For the entries below, repeat exactly each line starting with the one that contains "Onion tomato cream" and going on through the one that contains "Abortion rights supporters", and no others.

━━━━━━━━━━

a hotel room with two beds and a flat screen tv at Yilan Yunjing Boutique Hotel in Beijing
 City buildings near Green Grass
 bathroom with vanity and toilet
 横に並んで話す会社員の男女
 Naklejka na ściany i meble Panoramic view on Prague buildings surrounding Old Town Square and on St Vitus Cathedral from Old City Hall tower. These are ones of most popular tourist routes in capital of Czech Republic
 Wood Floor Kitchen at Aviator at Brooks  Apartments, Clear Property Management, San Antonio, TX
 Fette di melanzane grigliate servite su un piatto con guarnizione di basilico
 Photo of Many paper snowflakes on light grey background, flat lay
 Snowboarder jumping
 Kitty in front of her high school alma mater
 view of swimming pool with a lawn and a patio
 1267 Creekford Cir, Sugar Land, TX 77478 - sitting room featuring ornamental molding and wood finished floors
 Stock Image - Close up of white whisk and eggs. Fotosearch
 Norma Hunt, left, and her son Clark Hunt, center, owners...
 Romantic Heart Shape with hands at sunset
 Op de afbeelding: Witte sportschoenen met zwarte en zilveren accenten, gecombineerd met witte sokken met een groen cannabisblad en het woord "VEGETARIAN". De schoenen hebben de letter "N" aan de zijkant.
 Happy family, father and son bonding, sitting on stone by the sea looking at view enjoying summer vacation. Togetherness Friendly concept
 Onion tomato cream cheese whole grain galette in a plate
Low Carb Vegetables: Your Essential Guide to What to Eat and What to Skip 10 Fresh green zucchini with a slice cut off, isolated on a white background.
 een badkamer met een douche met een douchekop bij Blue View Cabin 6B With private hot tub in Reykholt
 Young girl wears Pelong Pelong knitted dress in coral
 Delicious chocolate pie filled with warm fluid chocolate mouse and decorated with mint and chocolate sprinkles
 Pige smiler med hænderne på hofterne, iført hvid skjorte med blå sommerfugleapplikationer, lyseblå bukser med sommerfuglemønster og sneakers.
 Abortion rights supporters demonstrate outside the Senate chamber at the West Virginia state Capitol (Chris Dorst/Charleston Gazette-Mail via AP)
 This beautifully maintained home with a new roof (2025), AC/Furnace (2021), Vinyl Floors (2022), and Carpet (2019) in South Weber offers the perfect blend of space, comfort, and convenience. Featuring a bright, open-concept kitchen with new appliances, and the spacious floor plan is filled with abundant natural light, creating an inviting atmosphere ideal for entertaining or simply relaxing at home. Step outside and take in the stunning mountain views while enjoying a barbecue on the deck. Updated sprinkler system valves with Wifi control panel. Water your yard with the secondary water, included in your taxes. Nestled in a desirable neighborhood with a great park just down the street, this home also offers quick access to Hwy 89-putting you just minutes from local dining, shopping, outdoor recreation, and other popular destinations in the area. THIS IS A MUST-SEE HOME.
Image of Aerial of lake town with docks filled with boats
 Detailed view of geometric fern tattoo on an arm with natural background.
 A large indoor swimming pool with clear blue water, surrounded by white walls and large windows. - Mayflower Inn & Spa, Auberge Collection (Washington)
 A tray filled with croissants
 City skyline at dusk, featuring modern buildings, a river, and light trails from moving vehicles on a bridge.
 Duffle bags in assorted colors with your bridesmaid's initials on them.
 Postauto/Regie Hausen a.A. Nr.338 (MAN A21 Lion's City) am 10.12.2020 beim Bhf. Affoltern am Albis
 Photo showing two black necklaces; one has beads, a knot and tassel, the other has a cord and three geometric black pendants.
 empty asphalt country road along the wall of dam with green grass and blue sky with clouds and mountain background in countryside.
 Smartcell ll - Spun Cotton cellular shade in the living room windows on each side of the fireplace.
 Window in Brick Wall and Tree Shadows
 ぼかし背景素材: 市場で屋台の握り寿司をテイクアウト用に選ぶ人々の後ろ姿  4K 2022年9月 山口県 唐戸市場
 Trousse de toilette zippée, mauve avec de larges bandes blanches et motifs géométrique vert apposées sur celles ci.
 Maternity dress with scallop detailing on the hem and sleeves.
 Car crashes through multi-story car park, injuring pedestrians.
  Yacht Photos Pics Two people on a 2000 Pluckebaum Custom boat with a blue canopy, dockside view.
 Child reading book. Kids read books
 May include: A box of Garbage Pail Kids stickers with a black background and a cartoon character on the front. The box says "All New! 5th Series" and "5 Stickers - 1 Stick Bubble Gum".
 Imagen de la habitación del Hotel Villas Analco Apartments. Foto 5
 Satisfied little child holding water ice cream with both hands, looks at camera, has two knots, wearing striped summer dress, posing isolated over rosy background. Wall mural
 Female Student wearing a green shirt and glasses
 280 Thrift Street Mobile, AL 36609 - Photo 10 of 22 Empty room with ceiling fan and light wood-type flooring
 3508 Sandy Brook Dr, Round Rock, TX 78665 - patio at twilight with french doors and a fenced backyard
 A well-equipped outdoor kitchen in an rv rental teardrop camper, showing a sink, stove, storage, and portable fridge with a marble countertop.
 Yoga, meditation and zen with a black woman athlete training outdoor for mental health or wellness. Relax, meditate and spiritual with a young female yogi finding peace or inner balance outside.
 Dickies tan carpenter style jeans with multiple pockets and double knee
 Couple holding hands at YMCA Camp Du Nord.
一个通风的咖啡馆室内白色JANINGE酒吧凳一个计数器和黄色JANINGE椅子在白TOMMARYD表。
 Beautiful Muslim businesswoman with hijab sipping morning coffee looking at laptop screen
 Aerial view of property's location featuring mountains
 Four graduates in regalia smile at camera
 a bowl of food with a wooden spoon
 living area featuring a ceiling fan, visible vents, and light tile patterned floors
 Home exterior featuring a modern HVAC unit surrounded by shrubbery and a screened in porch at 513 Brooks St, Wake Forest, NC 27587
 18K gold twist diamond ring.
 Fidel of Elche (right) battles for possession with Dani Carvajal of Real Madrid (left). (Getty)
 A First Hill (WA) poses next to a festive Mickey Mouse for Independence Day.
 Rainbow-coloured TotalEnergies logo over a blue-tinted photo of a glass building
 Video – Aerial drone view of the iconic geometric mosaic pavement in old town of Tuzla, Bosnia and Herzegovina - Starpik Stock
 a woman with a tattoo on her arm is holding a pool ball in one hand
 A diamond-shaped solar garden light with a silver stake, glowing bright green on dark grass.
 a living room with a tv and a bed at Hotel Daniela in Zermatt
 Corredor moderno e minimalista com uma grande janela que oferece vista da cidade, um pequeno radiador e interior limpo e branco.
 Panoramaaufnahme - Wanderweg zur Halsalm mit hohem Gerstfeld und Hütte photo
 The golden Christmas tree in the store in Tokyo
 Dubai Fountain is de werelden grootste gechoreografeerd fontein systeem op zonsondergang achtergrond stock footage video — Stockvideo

━━━━━━━━━━

### RESULT OF THIS TASK
 Onion tomato cream cheese whole grain galette in a plate
Low Carb Vegetables: Your Essential Guide to What to Eat and What to Skip 10 Fresh green zucchini with a slice cut off, isolated on a white background.
 een badkamer met een douche met een douchekop bij Blue View Cabin 6B With private hot tub in Reykholt
 Young girl wears Pelong Pelong knitted dress in coral
 Delicious chocolate pie filled with warm fluid chocolate mouse and decorated with mint and chocolate sprinkles
 Pige smiler med hænderne på hofterne, iført hvid skjorte med blå sommerfugleapplikationer, lyseblå bukser med sommerfuglemønster og sneakers.
 Abortion rights supporters demonstrate outside the Senate chamber at the West Virginia state Capitol (Chris Dorst/Charleston Gazette-Mail via AP)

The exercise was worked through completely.